Angiopoietin-2 Inhibition Rescues Arteriovenous Malformation in a Smad4 Hereditary Hemorrhagic Telangiectasia Mouse Model

Abstract

Background: Hereditary hemorrhagic telangiectasia is an autosomal dominant vascular disorder caused by heterozygous, loss-of-function mutations in 4 transforming growth factor beta (TGFβ) pathway members, including the central transcriptional mediator of the TGFβ pathway, Smad4. Loss of Smad4 causes the formation of inappropriate, fragile connections between arteries and veins called arteriovenous malformations (AVMs), which can hemorrhage leading to stroke, aneurysm, or death. Unfortunately, the molecular mechanisms underlying AVM pathogenesis remain poorly understood, and the TGFβ downstream effectors responsible for hereditary hemorrhagic telangiectasia-associated AVM formation are currently unknown.

Methods: To identify potential biological targets of the TGFβ pathway involved in AVM formation, we performed RNA- and chromatin immunoprecipitation-sequencing experiments on BMP9 (bone morphogenetic protein 9)-stimulated endothelial cells (ECs) and isolated ECs from a Smad4-inducible, EC-specific knockout ( Smad4-iECKO) mouse model that develops retinal AVMs. These sequencing studies identified the angiopoietin-Tek signaling pathway as a downstream target of SMAD4. We used monoclonal blocking antibodies to target a specific component in this pathway and assess its effects on AVM development.

Results: Sequencing studies uncovered 212 potential biological targets involved in AVM formation, including the EC surface receptor, TEK (TEK receptor tyrosine kinase) and its antagonistic ligand, ANGPT2 (angiopoietin-2). In Smad4-iECKO mice, Angpt2 expression is robustly increased, whereas Tek levels are decreased, resulting in an overall reduction in angiopoietin-Tek signaling. We provide evidence that SMAD4 directly represses Angpt2 transcription in ECs. Inhibition of ANGPT2 function in Smad4-deficient mice, either before or after AVMs form, prevents and alleviates AVM formation and normalizes vessel diameters. These rescue effects are attributed to a reversion in EC morphological changes, such as cell size and shape that are altered in the absence of Smad4.
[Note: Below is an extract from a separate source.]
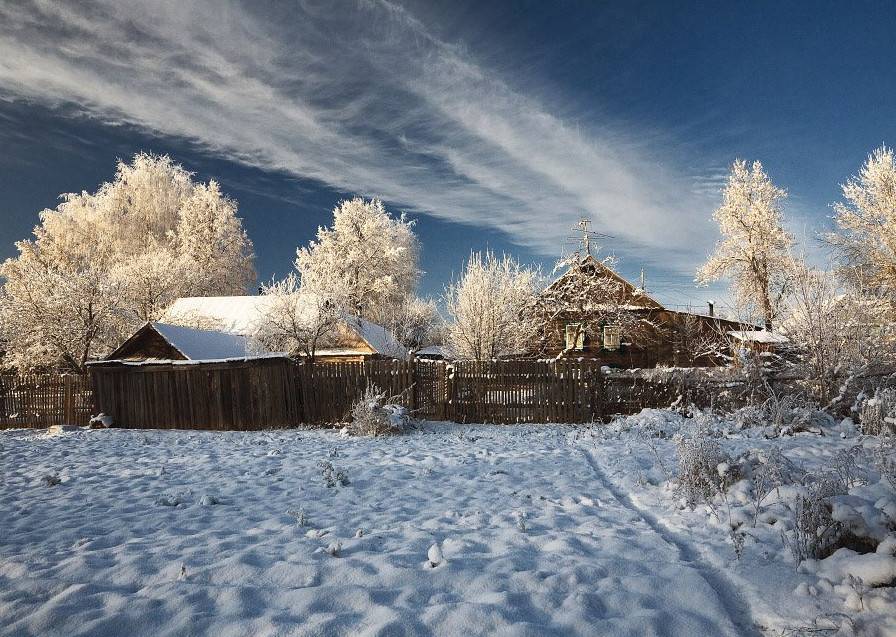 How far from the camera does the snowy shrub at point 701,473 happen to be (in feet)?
15.5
Conclusions: Our studies provide a novel mechanism whereby the loss of Smad4 causes increased Angpt2 transcription in ECs leading to AVM formation, increased blood vessel calibers, and changes in EC morphology in the retina. Blockade of ANGPT2 function in an in vivo Smad4 model of hereditary hemorrhagic telangiectasia alleviated these vascular phenotypes, further implicating ANGPT2 as an important TGFβ downstream mediator of AVM formation. Therefore, alternative approaches that target ANGPT2 function may have therapeutic value for the alleviation of hereditary hemorrhagic telangiectasia symptoms, such as AVMs.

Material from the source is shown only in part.